Centuries 1 year warranty starts the day the rifle leaves their facilities. Which means if it sits on your dealers rack for 364 days, you buy it on day 365 and then shoot it the next day, you are out of warranty, even though you've had the gun for only 24 hours.
wow think ill pass on my 74 buy for a while and skip century altogether
Those videos illustrate the problems I have heard a lot about.
He said it was canted, but showing how canted it was... That is just bad...
wow think ill pass on my 74 buy for a while and skip century altogether
I just emailed their corporate office this:
"Given that your warranty begins the day one of your firearms leaves your warehouse, what is the best method for the consumer to determine on what date that occurred? My gun store can tell me when they received the rifle, but they advised me that it may have been in their distributors possession for a considerable amount of time. Any help would be appreciated!"

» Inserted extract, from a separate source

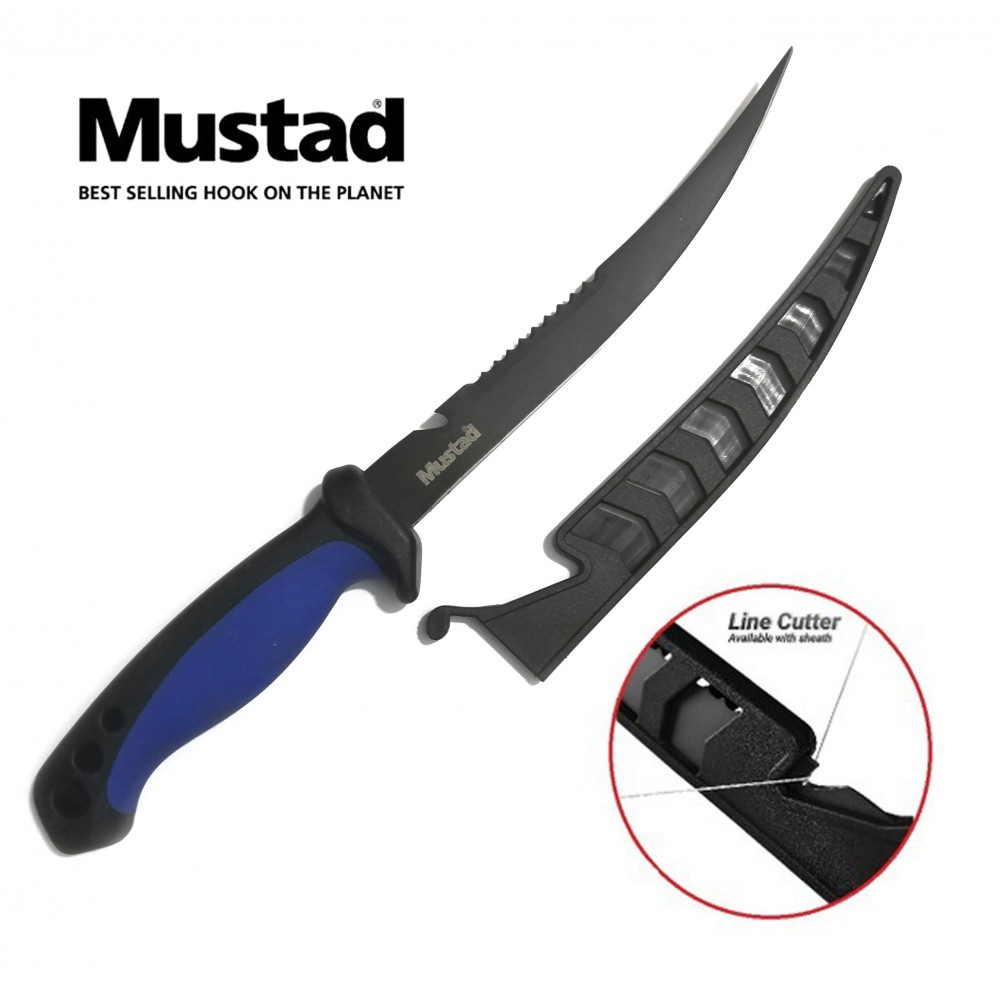 Mustad Paslanmaz Teflon Kaplama Fileto Bıçağı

Think I'll get a response?
Everyone knows that the Century keyholing issue was/is a BIG deal with the Polish Tantal rifles...
But has it ever been documented that the AK-74 rifles have the same issue??
It is not just the Tantals that suffer from improperly sized bores. I've read many reports from people on AR15.com, AKFiles, etc. where their CAI 5.45x39 non-Tantal rifles have problems. Either keyholing or in one case, no riflings in the barrel at all. Not faint riflings, but none.
Many report that with mil-surp 53gr Russian ammo they experience keyholing but report with heavier 60gr or 70gr ammo they don't see keyholing. That tells me that their barrel isn't properly sized or has the incorrect twist rate. Either way it's not right.
A quality rifle like the Interarm AK74's aren't much more expensive and have high quality Green Mountain chrome lined barrels. I would spent an extra $100 and get a rifle that will last a lifetime vs. something that may or may not work a couple of years and a few thousands rounds down the road.